Brain.js
Brain.js is a JavaScript library used to create neural networks that is very easy to learn and implement. Neural networks are a data structure inspired by and named after the human brain. Neural networks are comprised of layers of nodes each with associated weight thresholds. If a nodes output is above the threshold then that neuron is activated and the data is sent to the connected node in the next layer. In Brain.js the process of initializing this data structure is as simple as loading in the module and calling a constructor function.
const brain = require('brain.js');
//initialize neural network
const net = new brain.NeuralNetwork();
Training
This newly constructed object needs to be given a dataset in order to make predictions. Brain.js makes the process very simple all you need to do is call the .train
method and pass in an array of objects -- each with key value pairs of inputs and outputs. The basic network constructor only supports an array of 0s and 1s, or a hash of 0s and 1s; however the are other more complex models that allow for other datatypes to be entered in the dataset.
//input training dataset
net.train([
{ input: [0, 0], output: [0] },
{ input: [0, 1], output: [1] },
{ input: [1, 0], output: [1] },
{ input: [1, 1], output: [0] },
]);
Run
Now that you have input a dataset and trained your artificial brain you need to call the .run
method on your neural network. This will return an array with decimal value corresponding to the probability that your expected output is equal to 1. The higher the decimal point value the more likely the neural network believes the output should be a 1.
//outputs a probability
const output1 = net.run([1, 0]);// [ 0.9327429533004761 ]
const output2 = net.run([0, 0]);//) [ 0.05645085498690605 ]
const output3 = net.run([1, 1]);// [ 0.08839469403028488 ]

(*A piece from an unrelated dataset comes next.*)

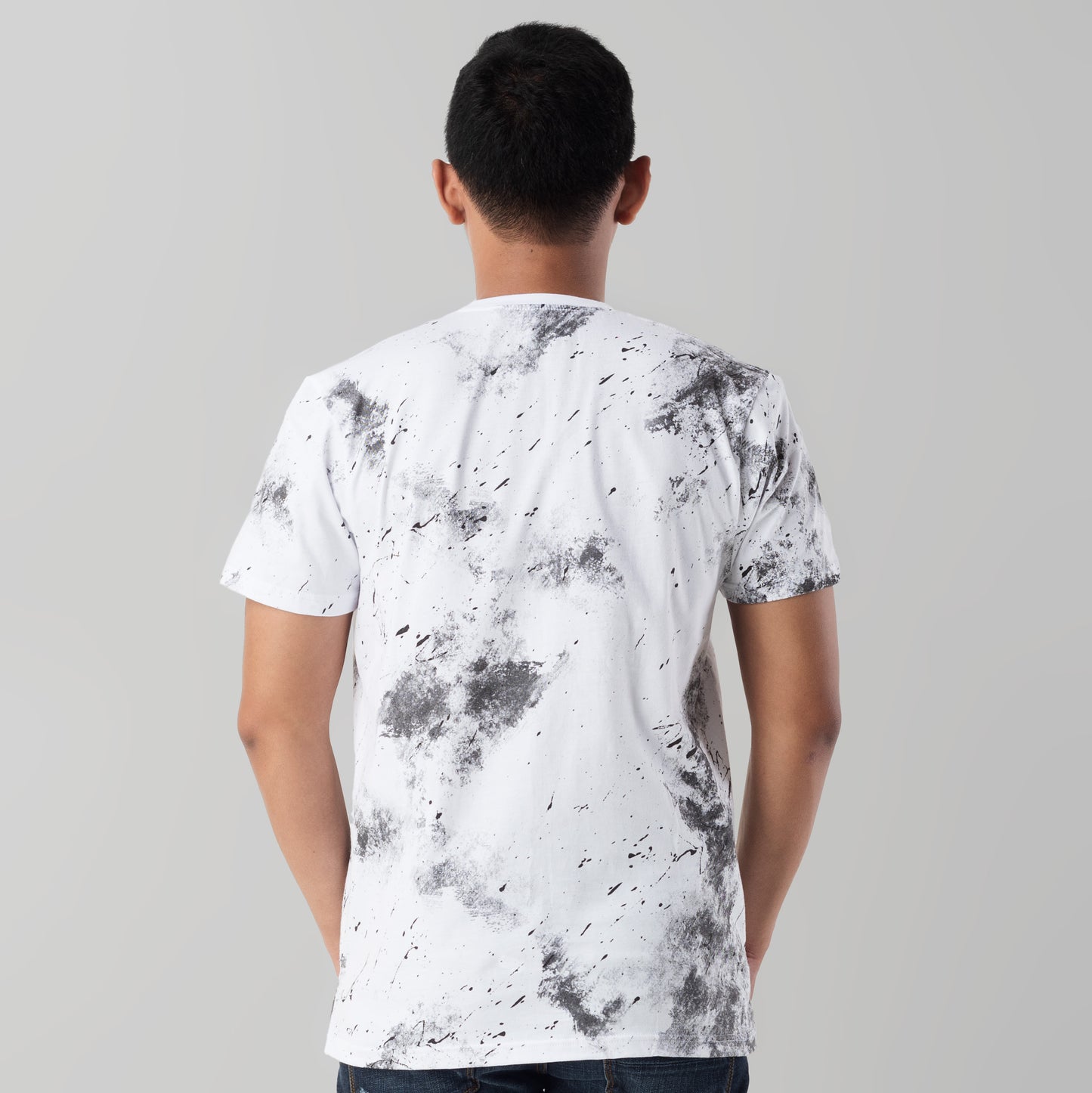 Benhill Kaos Grafis Full Print Katun 24s Combed Lengan Pendek Putih 395-59168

console.log('output 1:', output1);
console.log('output 2:', output2);
console.log('output 3:', output3);
console.log(Math.round(output1[0]));// => 1
console.log(Math.round(output2[0]));// => 0
console.log(Math.round(output3[0]));// => 0
Saving your Trained Network
The networks ability to predict the expected output is made more accurate by supplying a larger dataset; however with a larger dataset or if you are implementing one of the more complex network models --which require iterating over your dataset a set number of time in order to train -- the amount of time the code takes to execute also grows. This can be circumvented by utilizing brain.js's .toJSON
and .fromJSON
to store the pretrained network to a JSON. Here is an example of how to use node.js's file system module to save and load a network.

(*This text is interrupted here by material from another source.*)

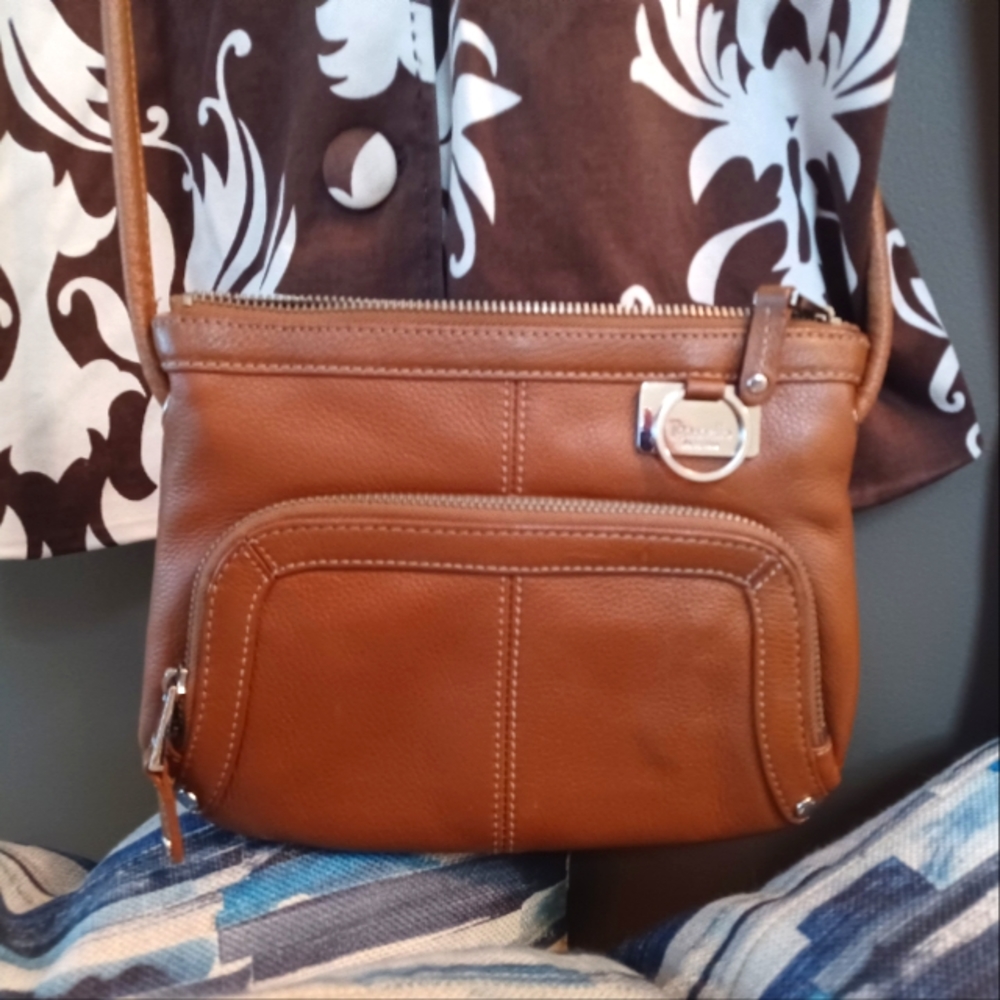 Tignanello crossbody purse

const brain = require('brain.js');
const data = require('./data.json');
const fs = require('fs');
//init neural network
const net = new brain.recurrent.LSTM();
const trainingData = data.map(item => ({
input: item.message,
output: item.response
}));
//input training data and configuration object
net.train(trainingData, {
log: (err) => console.log(err),
iterations: 500
});
//save trained network to json
const networkState = net.toJSON();
fs.writeFileSync('network_state.json',
JSON.stringify(networkState),
'utf-8');
const brain = require('brain.js');
const fs = require('fs');
//init neural network
const net = new brain.recurrent.LSTM();
//load trained network to json
const networkState = JSON.parse(
fs.readFileSync('network_state.json',
'utf-8'));
net.fromJSON(networkState);
Conclusion
Brain.js is a fun and simple way to learn and implement neural networks in JavaScript. I hope that this inspires more people to go out and implement machine learning algorithms in JavaScript.